Une taxe sur la spéculation financière : KESAKO ?
La taxe sur la spéculation financière n’est pas une idée novatrice. Depuis 2011, une proposition de directive élaborée par la commission Barroso, ainsi qu’une étude d’impact de plusieurs centaines de pages, attendent patiemment d’être ressorties des placards. Et lorsqu’en 2012, Pierre participe à la création du collectif Roosevelt 2012, la taxe sur la spéculation fait déjà partie des 15 propositions qu’ils formulent. « On avait proposé 15 solutions, à adopter de manière rapide, radicale et pragmatique, selon la même logique que Roosevelt, lorsqu’il arrive au pouvoir après la crise de 29. Roosevelt remet le pays en marche avec 15 réformes qu’il fait passer en 3 mois, et ça marche, globalement. Réforme des banques, impôt fédéral sur les sociétés, … Il a ainsi sauvé la démocratie, la cohésion sociale aux USA, et tout cela au moment où l’Europe allait vers la barbarie »
A l’époque, le slogan du collectif Roosevelt 2012 était de dire qu’il fallait “1000 milliards pour le climat”, qu’on mobiliserait au travers d’une banque pour le climat. Aujourd’hui, le pragmatisme de Pierre est toujours le même, mais il souligne qu’il ne faut pas uniquement se contenter d’une banque pour le climat. Selon lui, il faut également débloquer des ressources propres. « Dans le rapport qui a été voté par le Parlement Européen (PE), on dit qu’il faut des subsides ! Si on veut rendre obligatoire l’isolation des maisons, si on veut accélérer, aider tous les agriculteurs d’Europe à changer leurs pratiques, si on veut faire des transports en commun partout, il faut du fric. Et dans le rapport qu’on a voté à 68% des députés, toute tendance confondue, sauf l’extrême droite, on dit qu’il y a 5 solutions.» Parmi ces mesures, on retrouve notamment la taxe plastique, la taxe carbone aux frontières, ou encore un impôt sur les sociétés qui permettrait de lutter contre le tourisme fiscal des entreprises au sein de l’Union Européenne.

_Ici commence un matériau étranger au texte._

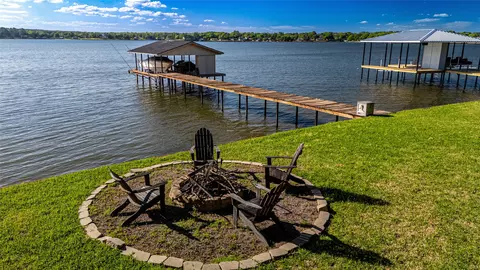 124 Shoreline Cir, Malakoff, TX 75148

Mais actuellement, c’est la loi sur les transactions financières qui est prête techniquement, et qui semble être la solution la plus juste et la plus efficace. Selon Pierre, « c’est un principe de justice sociale : nous tous, on fait des courses. Même les gens qui vivent dans la rue doivent payer 5,5% de TVA pour juste acheter de quoi manger pour le soir. Même les gens les plus pauvres doivent payer 5,5% de TVA pour participer au financement des services publics. Pourquoi est-ce donc 5,5% pour tout le monde et 0,0% sur les marchés financiers ? ». Et le député européen d’ajouter : « C’est absurde et obscène de dire qu’il n’y a pas d’argent pour le climat, les hôpitaux, les chercheurs etc. alors que les marchés financiers n’ont jamais été aussi élevés. Aujourd’hui, ils sont à plus du double par rapport à la dernière fois où il y a eu une crise…et on refuse de les taxer à juste 0,1% ! »
Le calendrier de la TTF
Outre sa première victoire obtenue au PE, qui a vu le rapport sur les fonds propres adopté par une large majorité de députés, Pierre a reçu des signaux positifs venant de la Commission européenne, notamment en ce qui concerne la règle de l’unanimité liée aux Traités. « Le Parlement européen a obtenu qu’on reparte avec une coopération renforcée, donc il n’y a pas besoin de l’unanimité, c’est très important de l’expliquer. Il y a pleins de gens qui nous disent que l’Europe c’est foutu, que de toute façon il faut sortir des traités, que c’est indémerdable à cause de l’unanimité. Et c’est vrai qu’il y a des domaines qui sont à l’unanimité, c’est un vrai problème. Mais là, on a obtenu en décembre que la Commission européenne mette noir sur blanc que non, qu’on peut déjà avancer avec quelques pays, ce qu’on appelle une coopération renforcée, il suffit qu’il y ait 9 pays. » Pierre souligne donc ici que l’on peut déjà faire de nombreuses choses au niveau européen, sans pour autant devoir mettre tout le monde d’accord. Cela s’est déjà vu par le passé. Si on prend l’espace Schengen par exemple, il s’agit d’un projet qui a commencé avec cinq pays, pour ensuite passer à 8 l’année d’après, et compter 26 parties prenantes aujourd’hui. C’est également ce qu’il s’est passé avec la monnaie unique, un outil qui n’a pas attendu que les 27 trouvent un terrain d’entente. « C’est donc une grosse blague que de dire que toutes les questions sont à l’unanimité ».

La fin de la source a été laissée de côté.